Présidée par son Coordinateur Général, l’ancien ministre des Mines, Dr Alpha Mady Soumah, cette rencontre a mobilisé plusieurs journalistes, responsables et militants de cette plateforme.
D’entrée, un Pasteur et un Iman de la place ont dit des prières pour l’unité nationale, après bien sûr la présentation des membres de l’Union. Plus de 7 formations politiques et associations, représentées par leurs leaders.
Dans son discours de bienvenue, Dr Soumah a indiqué que c’est la continuité d’une longue lutte menée par les devanciers Sékou Touré, Général Lansana Conté, l’Honorable Jean Marie Doré, Momory Camara, Paul Louis Faber etc. Ainsi que les victimes tombées ou en exil.
Et d’ajouter : «Des semaines à venir, un grand lancement est prévu ».
Reconnaissant tout de même que ce baptême de feu de leur Union se fait dans une situation économique, politique et sécuritaire difficile. Avant de faire remarquer : «Que tout ceci est possible à cause de notre clivage et la destruction des acquis démocratiques ».
Pour lui, l’UNAD a pensé qu’à ce niveau, il est question de prendre du recul pour réfléchir et proposer aux guinéens une autre solution. Sinon, une autre façon de gouverner pour que ce pays soit bénéfique à tous et non à un groupe d’individus.

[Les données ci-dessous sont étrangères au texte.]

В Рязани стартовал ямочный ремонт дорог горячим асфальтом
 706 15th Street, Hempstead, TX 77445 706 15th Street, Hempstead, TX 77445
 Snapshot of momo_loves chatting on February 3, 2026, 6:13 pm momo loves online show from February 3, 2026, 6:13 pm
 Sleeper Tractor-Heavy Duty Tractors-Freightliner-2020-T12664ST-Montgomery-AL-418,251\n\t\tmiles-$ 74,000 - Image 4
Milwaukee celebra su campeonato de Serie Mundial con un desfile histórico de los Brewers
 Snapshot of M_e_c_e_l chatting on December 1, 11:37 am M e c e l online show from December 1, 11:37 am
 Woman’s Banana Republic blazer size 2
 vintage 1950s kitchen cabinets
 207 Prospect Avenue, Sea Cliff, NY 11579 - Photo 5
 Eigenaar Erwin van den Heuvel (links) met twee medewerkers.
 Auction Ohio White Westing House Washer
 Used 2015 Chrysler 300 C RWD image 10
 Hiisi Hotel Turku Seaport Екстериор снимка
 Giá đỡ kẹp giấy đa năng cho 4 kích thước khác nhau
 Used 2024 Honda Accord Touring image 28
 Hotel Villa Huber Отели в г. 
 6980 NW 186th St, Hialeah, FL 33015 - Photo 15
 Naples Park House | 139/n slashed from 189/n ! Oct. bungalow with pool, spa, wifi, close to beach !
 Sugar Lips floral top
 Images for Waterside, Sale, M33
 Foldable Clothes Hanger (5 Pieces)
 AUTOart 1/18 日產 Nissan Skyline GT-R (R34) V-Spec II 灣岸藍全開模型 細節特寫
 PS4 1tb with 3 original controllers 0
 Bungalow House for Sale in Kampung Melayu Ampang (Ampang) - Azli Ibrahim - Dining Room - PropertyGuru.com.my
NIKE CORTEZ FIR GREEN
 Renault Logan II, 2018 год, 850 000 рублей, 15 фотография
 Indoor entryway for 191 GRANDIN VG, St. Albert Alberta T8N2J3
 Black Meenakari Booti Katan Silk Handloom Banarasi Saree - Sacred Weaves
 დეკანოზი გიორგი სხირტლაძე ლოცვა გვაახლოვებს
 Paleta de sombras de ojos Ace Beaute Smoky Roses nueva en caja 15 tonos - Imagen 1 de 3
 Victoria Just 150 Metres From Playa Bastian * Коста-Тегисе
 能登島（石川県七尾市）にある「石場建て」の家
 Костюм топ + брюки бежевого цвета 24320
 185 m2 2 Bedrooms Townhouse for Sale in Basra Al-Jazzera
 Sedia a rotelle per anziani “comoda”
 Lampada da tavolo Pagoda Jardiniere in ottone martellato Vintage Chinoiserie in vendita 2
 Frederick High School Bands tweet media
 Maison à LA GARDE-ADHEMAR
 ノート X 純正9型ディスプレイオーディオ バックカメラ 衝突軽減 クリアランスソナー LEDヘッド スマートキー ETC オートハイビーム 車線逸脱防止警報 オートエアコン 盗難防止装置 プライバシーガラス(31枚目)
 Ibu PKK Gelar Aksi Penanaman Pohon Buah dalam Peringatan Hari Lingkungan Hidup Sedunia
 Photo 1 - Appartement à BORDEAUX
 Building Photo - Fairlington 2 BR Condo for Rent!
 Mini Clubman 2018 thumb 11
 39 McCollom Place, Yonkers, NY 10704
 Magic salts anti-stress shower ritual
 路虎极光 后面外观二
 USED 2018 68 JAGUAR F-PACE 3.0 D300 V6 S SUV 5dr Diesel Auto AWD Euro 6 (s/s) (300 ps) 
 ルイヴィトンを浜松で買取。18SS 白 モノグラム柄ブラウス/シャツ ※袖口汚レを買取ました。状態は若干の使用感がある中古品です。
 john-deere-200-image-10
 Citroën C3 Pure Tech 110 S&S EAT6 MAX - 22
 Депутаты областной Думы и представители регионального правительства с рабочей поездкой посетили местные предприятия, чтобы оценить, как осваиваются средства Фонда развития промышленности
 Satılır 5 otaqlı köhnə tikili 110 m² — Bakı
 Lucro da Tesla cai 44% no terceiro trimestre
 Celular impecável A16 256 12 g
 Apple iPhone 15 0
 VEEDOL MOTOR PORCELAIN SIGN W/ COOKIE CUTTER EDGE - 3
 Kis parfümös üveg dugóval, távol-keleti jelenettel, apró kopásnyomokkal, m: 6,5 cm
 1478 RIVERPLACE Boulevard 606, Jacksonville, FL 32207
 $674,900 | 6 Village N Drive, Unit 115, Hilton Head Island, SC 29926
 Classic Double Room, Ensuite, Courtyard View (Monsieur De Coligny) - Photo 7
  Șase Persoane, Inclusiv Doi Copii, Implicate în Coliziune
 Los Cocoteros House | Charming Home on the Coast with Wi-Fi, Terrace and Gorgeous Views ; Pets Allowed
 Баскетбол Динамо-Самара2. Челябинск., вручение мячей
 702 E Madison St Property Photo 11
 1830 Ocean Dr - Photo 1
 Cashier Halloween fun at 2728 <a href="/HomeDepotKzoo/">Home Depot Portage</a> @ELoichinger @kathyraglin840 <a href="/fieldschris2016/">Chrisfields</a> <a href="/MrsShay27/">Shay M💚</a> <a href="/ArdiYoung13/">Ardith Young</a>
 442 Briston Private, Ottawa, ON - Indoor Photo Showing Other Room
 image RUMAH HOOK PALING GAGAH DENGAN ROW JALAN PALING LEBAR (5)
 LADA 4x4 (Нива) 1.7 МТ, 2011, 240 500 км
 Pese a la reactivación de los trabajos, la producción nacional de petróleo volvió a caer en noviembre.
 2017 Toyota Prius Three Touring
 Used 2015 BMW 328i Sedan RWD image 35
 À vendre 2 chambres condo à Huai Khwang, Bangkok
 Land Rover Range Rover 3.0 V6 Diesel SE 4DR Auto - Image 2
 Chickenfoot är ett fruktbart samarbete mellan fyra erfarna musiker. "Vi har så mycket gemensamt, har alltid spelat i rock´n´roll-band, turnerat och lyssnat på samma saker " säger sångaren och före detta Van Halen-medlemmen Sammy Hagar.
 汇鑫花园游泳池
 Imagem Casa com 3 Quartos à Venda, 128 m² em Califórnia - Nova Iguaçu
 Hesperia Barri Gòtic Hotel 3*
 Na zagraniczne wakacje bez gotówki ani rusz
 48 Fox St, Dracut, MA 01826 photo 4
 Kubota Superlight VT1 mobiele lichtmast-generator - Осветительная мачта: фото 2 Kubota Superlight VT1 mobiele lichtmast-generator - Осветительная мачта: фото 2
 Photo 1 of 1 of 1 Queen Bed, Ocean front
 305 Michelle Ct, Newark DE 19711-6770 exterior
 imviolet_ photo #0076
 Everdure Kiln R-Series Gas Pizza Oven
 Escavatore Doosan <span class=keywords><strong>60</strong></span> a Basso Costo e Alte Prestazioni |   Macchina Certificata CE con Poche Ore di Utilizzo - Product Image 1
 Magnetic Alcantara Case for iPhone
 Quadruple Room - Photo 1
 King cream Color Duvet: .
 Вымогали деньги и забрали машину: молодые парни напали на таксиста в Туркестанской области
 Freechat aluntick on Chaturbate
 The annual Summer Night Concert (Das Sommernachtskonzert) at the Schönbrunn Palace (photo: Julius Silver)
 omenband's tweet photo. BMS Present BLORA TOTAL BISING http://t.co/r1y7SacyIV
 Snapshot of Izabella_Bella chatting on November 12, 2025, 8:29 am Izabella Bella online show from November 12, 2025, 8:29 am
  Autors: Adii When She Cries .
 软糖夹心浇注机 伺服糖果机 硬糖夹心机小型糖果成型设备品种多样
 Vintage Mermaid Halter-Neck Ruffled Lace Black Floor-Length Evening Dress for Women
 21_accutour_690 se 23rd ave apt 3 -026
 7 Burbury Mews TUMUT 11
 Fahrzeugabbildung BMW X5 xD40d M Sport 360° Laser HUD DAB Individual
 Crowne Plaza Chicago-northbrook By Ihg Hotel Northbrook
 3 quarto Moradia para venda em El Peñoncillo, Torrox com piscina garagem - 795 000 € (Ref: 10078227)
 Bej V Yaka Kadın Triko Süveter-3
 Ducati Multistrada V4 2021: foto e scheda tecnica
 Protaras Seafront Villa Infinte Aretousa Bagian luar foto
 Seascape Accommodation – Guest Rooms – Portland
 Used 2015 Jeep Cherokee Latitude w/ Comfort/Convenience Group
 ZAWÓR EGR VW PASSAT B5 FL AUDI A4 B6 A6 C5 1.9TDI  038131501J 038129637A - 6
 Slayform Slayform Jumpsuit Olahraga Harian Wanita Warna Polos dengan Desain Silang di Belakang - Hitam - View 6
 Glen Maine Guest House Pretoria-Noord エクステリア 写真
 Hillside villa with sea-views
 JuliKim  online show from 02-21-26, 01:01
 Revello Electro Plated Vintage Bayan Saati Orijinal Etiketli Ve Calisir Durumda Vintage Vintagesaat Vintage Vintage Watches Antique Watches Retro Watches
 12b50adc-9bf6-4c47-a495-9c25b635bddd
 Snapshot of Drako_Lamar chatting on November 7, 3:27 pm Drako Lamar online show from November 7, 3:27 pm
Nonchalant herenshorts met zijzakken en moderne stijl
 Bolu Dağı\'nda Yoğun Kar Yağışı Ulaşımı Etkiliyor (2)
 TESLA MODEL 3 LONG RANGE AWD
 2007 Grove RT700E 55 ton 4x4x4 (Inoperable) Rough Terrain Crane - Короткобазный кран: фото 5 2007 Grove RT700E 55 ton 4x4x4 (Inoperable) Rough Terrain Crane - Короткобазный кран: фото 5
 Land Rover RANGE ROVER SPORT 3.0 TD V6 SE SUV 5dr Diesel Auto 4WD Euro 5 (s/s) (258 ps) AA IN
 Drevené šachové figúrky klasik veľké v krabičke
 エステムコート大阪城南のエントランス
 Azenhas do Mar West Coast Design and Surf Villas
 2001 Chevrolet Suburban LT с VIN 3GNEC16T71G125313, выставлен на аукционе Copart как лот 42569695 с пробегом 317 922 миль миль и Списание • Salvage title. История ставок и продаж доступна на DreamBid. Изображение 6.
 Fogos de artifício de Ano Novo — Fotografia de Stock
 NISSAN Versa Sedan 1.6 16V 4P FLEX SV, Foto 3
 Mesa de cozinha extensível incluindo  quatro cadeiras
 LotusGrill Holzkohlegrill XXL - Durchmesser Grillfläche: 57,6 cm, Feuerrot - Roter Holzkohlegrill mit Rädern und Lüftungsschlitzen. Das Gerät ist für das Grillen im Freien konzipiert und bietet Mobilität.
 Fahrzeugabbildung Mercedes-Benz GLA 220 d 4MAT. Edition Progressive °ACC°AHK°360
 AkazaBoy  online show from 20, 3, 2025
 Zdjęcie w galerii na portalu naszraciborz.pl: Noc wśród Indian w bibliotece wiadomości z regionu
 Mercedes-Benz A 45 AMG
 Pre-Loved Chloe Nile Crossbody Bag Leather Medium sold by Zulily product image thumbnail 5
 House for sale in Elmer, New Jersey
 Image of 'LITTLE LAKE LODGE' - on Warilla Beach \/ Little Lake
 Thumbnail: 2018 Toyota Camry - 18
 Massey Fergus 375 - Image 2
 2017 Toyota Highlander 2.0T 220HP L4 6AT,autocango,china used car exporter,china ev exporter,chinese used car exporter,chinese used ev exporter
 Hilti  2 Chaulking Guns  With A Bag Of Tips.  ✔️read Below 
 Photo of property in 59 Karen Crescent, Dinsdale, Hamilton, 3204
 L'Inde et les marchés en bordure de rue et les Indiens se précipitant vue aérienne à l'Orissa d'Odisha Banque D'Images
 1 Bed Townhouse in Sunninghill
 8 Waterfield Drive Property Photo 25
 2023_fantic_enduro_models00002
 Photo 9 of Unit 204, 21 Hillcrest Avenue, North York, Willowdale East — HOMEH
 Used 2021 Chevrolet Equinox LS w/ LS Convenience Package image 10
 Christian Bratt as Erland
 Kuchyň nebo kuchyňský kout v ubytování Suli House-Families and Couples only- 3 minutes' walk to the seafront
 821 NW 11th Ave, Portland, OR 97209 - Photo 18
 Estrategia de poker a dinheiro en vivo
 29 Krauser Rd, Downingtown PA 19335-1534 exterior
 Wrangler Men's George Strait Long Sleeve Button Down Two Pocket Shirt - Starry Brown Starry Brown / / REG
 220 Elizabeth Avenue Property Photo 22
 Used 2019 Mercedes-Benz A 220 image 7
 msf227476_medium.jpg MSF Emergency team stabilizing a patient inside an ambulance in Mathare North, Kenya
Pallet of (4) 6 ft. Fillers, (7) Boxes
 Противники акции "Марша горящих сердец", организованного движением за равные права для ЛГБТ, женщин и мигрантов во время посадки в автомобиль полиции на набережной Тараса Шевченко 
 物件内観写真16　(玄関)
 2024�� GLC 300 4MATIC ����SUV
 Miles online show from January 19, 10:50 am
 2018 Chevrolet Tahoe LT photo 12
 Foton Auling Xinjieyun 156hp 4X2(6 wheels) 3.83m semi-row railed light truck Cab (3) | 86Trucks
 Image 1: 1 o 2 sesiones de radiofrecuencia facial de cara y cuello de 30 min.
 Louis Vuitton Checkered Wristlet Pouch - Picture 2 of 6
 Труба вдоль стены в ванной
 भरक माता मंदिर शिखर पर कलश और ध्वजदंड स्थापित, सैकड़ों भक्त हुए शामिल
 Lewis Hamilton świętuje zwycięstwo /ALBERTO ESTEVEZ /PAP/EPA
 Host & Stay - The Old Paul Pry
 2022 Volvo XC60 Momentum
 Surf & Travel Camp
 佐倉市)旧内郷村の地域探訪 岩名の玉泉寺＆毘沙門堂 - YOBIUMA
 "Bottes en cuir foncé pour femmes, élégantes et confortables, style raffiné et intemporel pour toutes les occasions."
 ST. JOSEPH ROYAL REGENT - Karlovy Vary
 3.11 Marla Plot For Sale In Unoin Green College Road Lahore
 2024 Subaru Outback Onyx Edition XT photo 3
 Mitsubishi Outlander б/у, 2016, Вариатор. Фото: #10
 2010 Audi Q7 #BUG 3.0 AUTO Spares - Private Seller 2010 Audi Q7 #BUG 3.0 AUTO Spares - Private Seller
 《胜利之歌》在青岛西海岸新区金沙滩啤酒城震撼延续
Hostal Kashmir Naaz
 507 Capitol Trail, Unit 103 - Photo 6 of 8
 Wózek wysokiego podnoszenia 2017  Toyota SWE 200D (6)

Kéamon Haba Gbogola s’est chargé de présenter le diagnostic des maux dont notre pays souffre et du résultat des démarches démocratiques de l’UNAD.
Au fond, d’après lui, ce qui compte c’est l’après Alpha Condé. Poursuivant : « A l’UNAD, nous sommes convaincus que la priorité des priorités, c’est l’industrialisation de notre pays. Dans ce cas, il faut sécuriser l’investissement pour que le risque pays soit très bas. Donc cela demande une stabilité politique », soutient-il.
Parlant du résultat de leurs études, il indiquera que c’est l’œuvre d’un groupe d’experts dans tous les domaines économique, agricole, minier et même électoral.
Rappelant que de 1958 à 1984, il y a eu une volonté d’aller vers l’industrialisation.
Mais pourquoi ça n’a pas abouti ? S’interroge-t-il. Avant de répondre : « C’est parce qu’il y avait un parti unique qui n’a pas permis la liberté d’expression. C’était une gouvernance publique. Un autre point noir, c’est qu’il n’y avait pas de privés, donc pas de concurrence pour la performance. Aussi, l’unité nationale a été forcée », fait-il remarquer.
Pour lui, à la fin du régime, l’alternance a été ratée avec un coup d’Etat militaire.
De 1984 à 2010, il y a eu un multipartisme militaro-civil qui a conduit à vie le régime du Général Lansana Conté. Et les militaires sont revenus avec Moussa Dadis Camara, Sékouba Konaté. Conséquences, désinvestissement au lieu d’investissement. Donc, la privatisation n’a pas marché, rendant ainsi le risque pays très élevé.
Néanmoins, avec la constitution de 2010, il y avait espoir. Malheureusement, cet acquis est aujourd’hui menacé avec cette nouvelle constitution de 2020 et la volonté de Alpha Condé d’être candidat.
A l’UNAD, la nouveauté est que le problème de candidature ne se pose pas.
D’abord, le Coordinateur Général n’est pas candidat. En plus, c’est un siège commun pour éviter que quelqu’un se serve de ça pour se croire supérieur aux autres et tant qu’il est là, c’est lui. Chacun a aussi sa place, même si tu défends ton ethnie et qu’on voit qu’avec toi l’UNAD peut gagner le pouvoir et tu peux faire l’affaire de tous les guinéens, pas de problème.
D’ailleurs, il y a 12 critères pour prétendre représenter l’Union aux échéances électorales. Entre autres, être en conformité avec les critères d’éligibilité de la constitution, être marié, être présenté par l’Union, parler en plus de la langue française, une langue locale, n’être jamais été poursuivi et condamné pour malversations, être réceptif, avoir une capacité de mobilisation de fonds.
A préciser surtout que cette plateforme reste ouverte à tout le monde.
Par rapport au combat mené par le FNDC, Jacques Gbonimy dit que l’Union soutient ce front puisqu’il défend la constitution de 2010. Le président, Pépé Francis Haba, lui, est catégorique : « Nous sommes contre la candidature du président Alpha Condé et sur cette question, pas de négociation ».